How does it feel to know the team you cover supports several others that cannot turn a profit, in turn creating more competition for themselves?
James Dolan is a rich man. A very, very rich man. At the end of the day, I don't worry about how he spends his money. A ton of Rangers fans love to bash Dolan as a "bad owner" since he lets Glen Sather run wild (although post-lockout Sather might be the best general manager in the NHL) and doesn't seem to pay attention to the team. But those people generally feel that way because it's a "popular" thought, not because it's true.
Rangers fans will never have to worry about their team being sold and relocating. The team will never have to sell away prized young players due to fears of not being able to afford their massive contracts along the way. The Rangers will always be able to lure the best players in the game, because the team does not and will not have any financial issues. The stability of the Rangers is remarkable, and Dolan is a huge part of that.

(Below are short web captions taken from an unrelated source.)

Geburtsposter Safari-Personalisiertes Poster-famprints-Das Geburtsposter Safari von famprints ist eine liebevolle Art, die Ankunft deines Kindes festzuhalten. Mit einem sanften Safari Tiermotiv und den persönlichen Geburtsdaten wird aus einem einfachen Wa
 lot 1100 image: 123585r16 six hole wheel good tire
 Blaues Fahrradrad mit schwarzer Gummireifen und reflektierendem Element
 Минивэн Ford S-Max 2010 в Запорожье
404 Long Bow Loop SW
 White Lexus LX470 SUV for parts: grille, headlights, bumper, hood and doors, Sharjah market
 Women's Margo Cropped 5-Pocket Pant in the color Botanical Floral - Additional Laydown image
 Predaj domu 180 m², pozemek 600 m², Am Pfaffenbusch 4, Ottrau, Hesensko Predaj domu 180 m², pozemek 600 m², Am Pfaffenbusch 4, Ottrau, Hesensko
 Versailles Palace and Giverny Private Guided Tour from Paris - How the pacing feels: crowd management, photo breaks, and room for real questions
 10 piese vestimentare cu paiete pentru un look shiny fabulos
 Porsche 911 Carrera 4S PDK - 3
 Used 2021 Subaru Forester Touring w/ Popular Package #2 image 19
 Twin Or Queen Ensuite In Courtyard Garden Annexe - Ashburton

So when it comes to him giving money to help support other teams, I support it -- not a surprise, it's not my money. I think if the NHL does better then the Rangers will do better. And if the Rangers do better, then Dolan does better. So, no, I don't mind at all. But again, it's not my money.
What does the pipeline look like for the Rangers? Any studs coming through the system, or will the Rangers just Steinbrenner the other teams with offer sheets?
The pipeline for the Rangers is surprisingly full, considering the team has "graduated" many of their top prospects. Ryan McDonagh, Michael Del Zotto, Carl Hagelin and Derek Stepan were all prospects just a few years ago, and are now big parts of the team's core. Oh year, and also that Chris Kreider kid, he's good too.
Still, the team has J.T. Miller (who really impressed at the USA Developmental Camp this summer), Christian Thomas, Dylan McIlrath, Brady Skjei (this year's first-round pick) and more. Honestly, Gordie Clark might be the best scout in the NHL by a mile. The man makes "surprise" picks draft after draft and every time it works out. Ask any Rangers fan how they feel about Miller now and how they felt when the team picked him. I guarantee you you'll hear, "My God he is amazing but I did punch my television and broke my hand when I originally heard the pick."
The reality is that the Rangers' top youth is already on the team. McDonagh, Del Zotto, Stepan, Hagelin and Kreider are all under 23. That doesn't even mention Marc Staal being 25.
There's a lot to be excited about when it comes to the Rangers. Their youth is a major part of that.
What is / are your favorite things about hockey?
Madison Square Garden. If I had to pick one thing, it's The Garden. Or at least the atmosphere of a Rangers game.
There is nothing like walking to the Garden an hour before the game starts and seeing all the Rangers jerseys on the street. Walking into the arena seeing the huge photos of Brian Leetch, Mark Messier, Mike Richter and Adam Graves (among others). Sitting in the seats before the game, the electric atmosphere. How the Garden goes absolutely silent before a big play is about to happen, like everyone knows they are about to see something special.
The sheer volume, too. It never fails to blow me away at how loud the Garden gets. Just look at this. That's how loud the place was BEFORE Richards scored the tying goal. I was there. When he tied the game (and when Marc Staal won it) I thought I was going to end up unable to hear anything when all was said and done.
Plus, when they win and you walk out into New York City, it's just amazing. I'll probably miss that the most. The feeling after a win, walking on the street, slapping high fives with random strangers you don't even know. I dunno, maybe it's stupid. But it is what it is.